**Aim of the task:**
Return exactly, please, the lines from the one containing "Fishing Trip Checklist screenshot 4" to the last line of the entries below, and nothing else, leaving pictures out.

=== Begin Enclosure ===

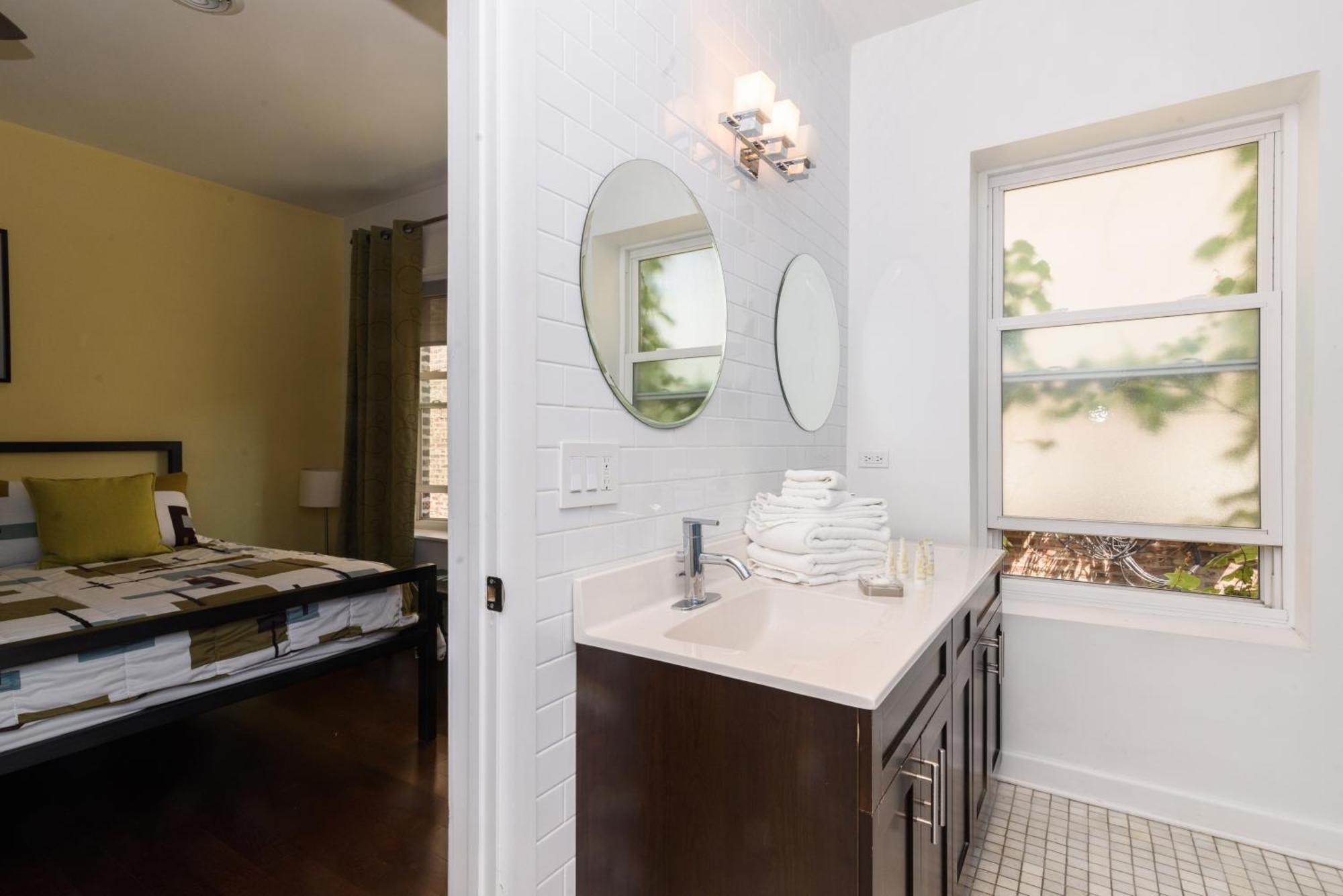 House 5863- Chicago'S Premier Bed And Breakfast Kamer foto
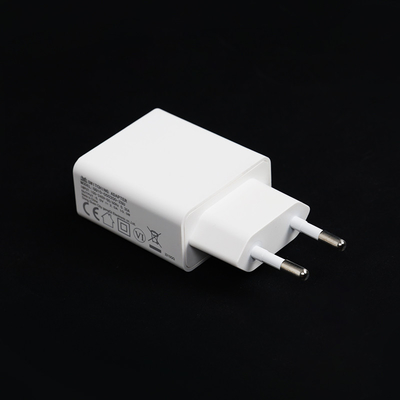 Công suất đầu ra của bộ sạc USB 5W 5V 1A được chứng nhận CE Bộ sạc pin cắm EU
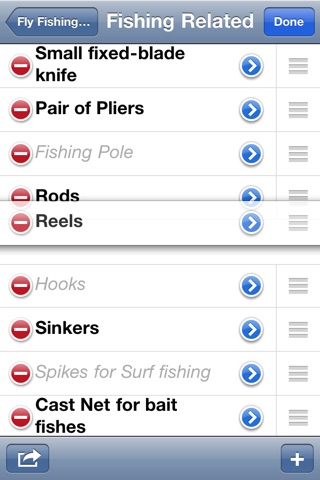 Fishing Trip Checklist screenshot 4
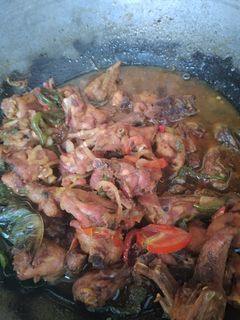 Foto resep Ayam kecap wara wiri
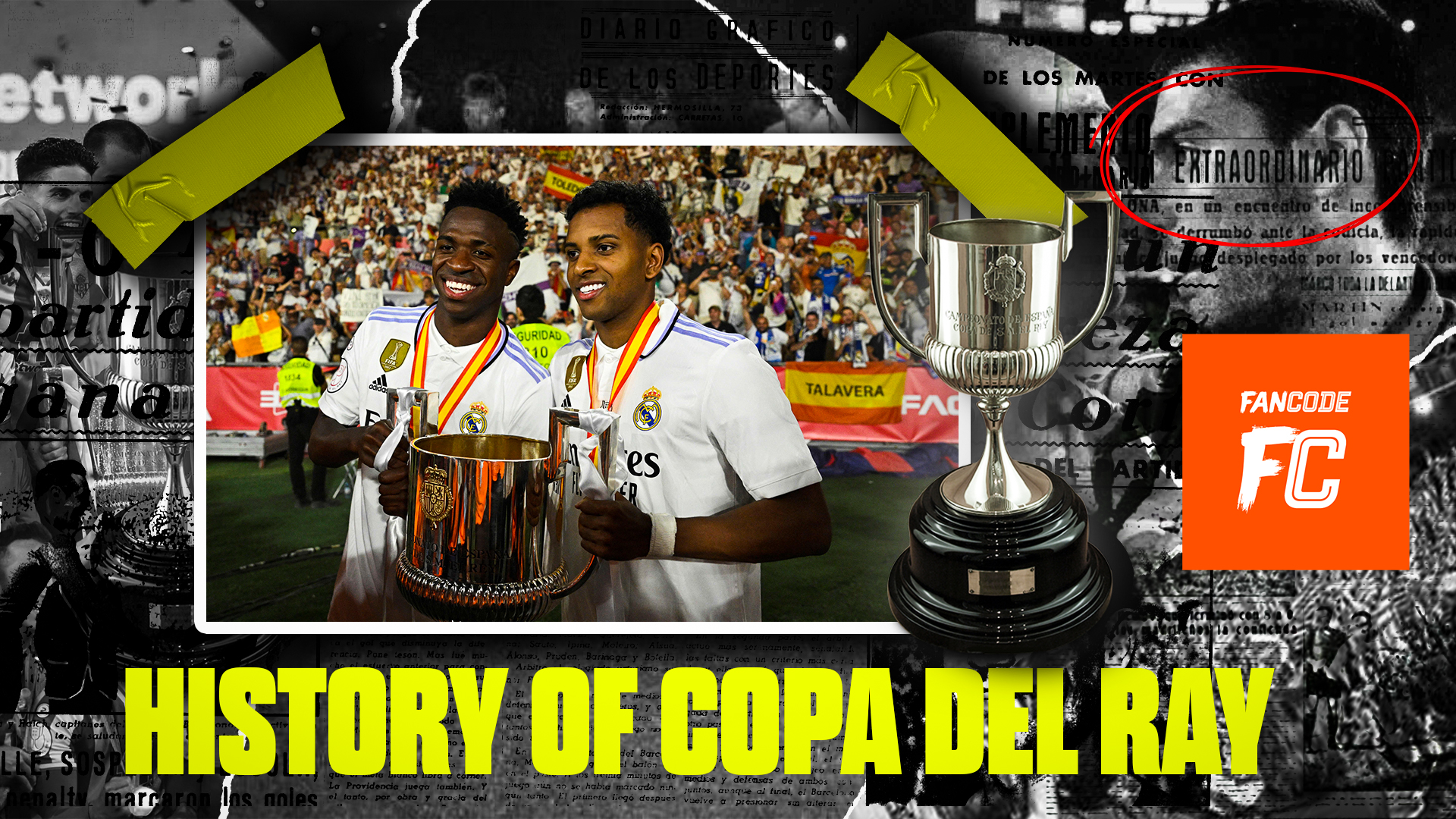 Copa Del Rey 2024: Streaming on FanCode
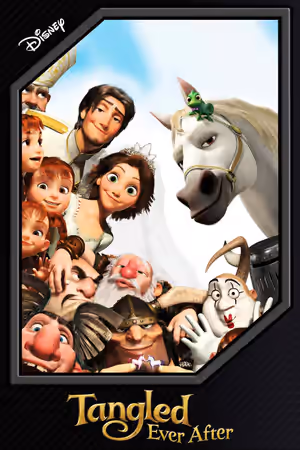 Tangled Ever After (2012) Set poster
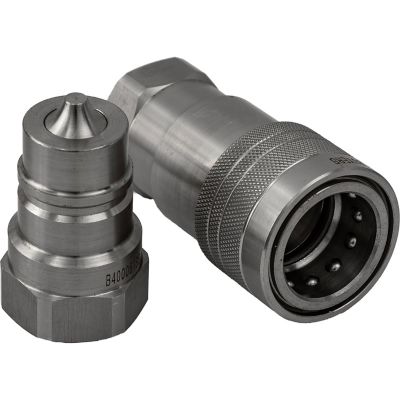Image showing 5 th Buyers Products Hydraulic Coupler Set, SST, B40006SS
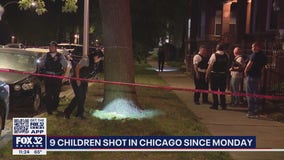 Four-year-old boy remains on life support after being hit by two stray bullets through a window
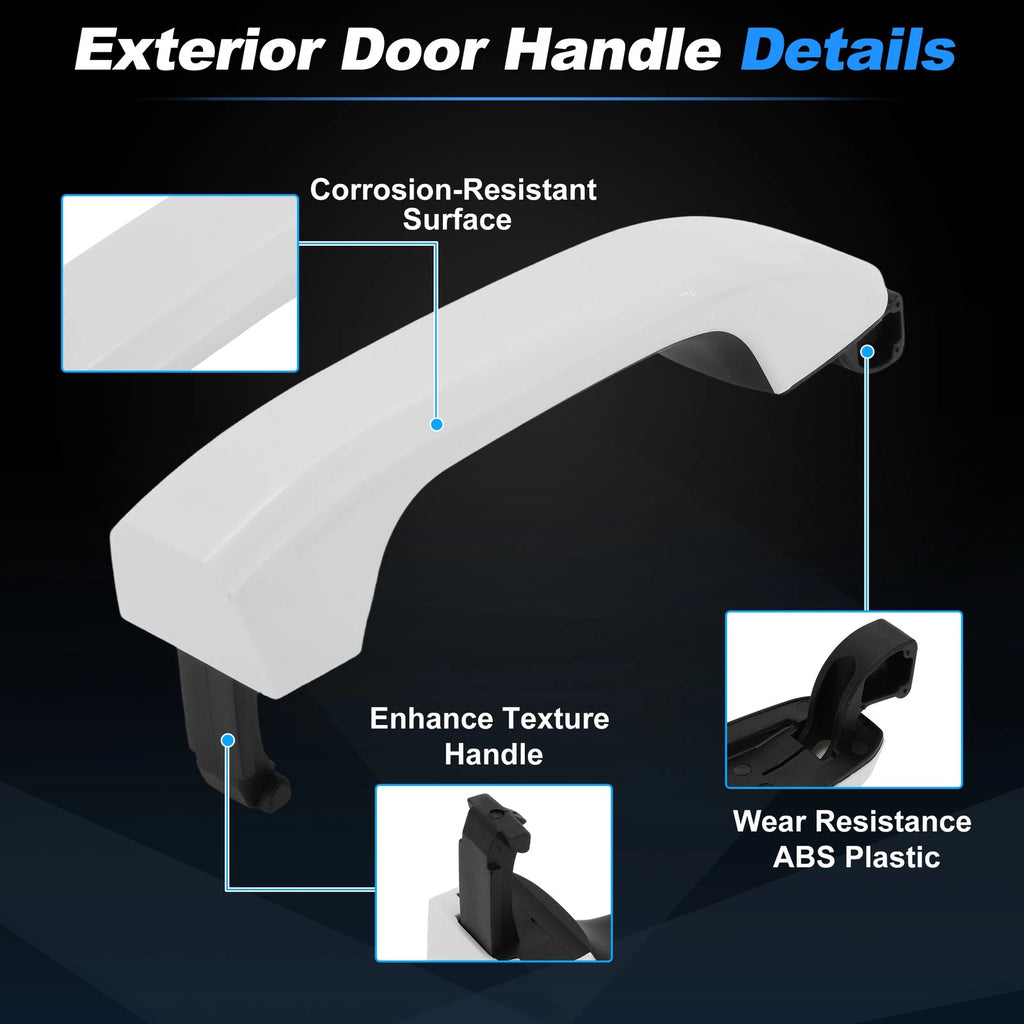Rear Left Right Door Handle No.13583889 for Chevrolet Silverado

=== End Enclosure ===

**Task output:**
 Fishing Trip Checklist screenshot 4
 Foto resep Ayam kecap wara wiri
 Copa Del Rey 2024: Streaming on FanCode
 Tangled Ever After (2012) Set poster
Image showing 5 th Buyers Products Hydraulic Coupler Set, SST, B40006SS
 Four-year-old boy remains on life support after being hit by two stray bullets through a window
Rear Left Right Door Handle No.13583889 for Chevrolet Silverado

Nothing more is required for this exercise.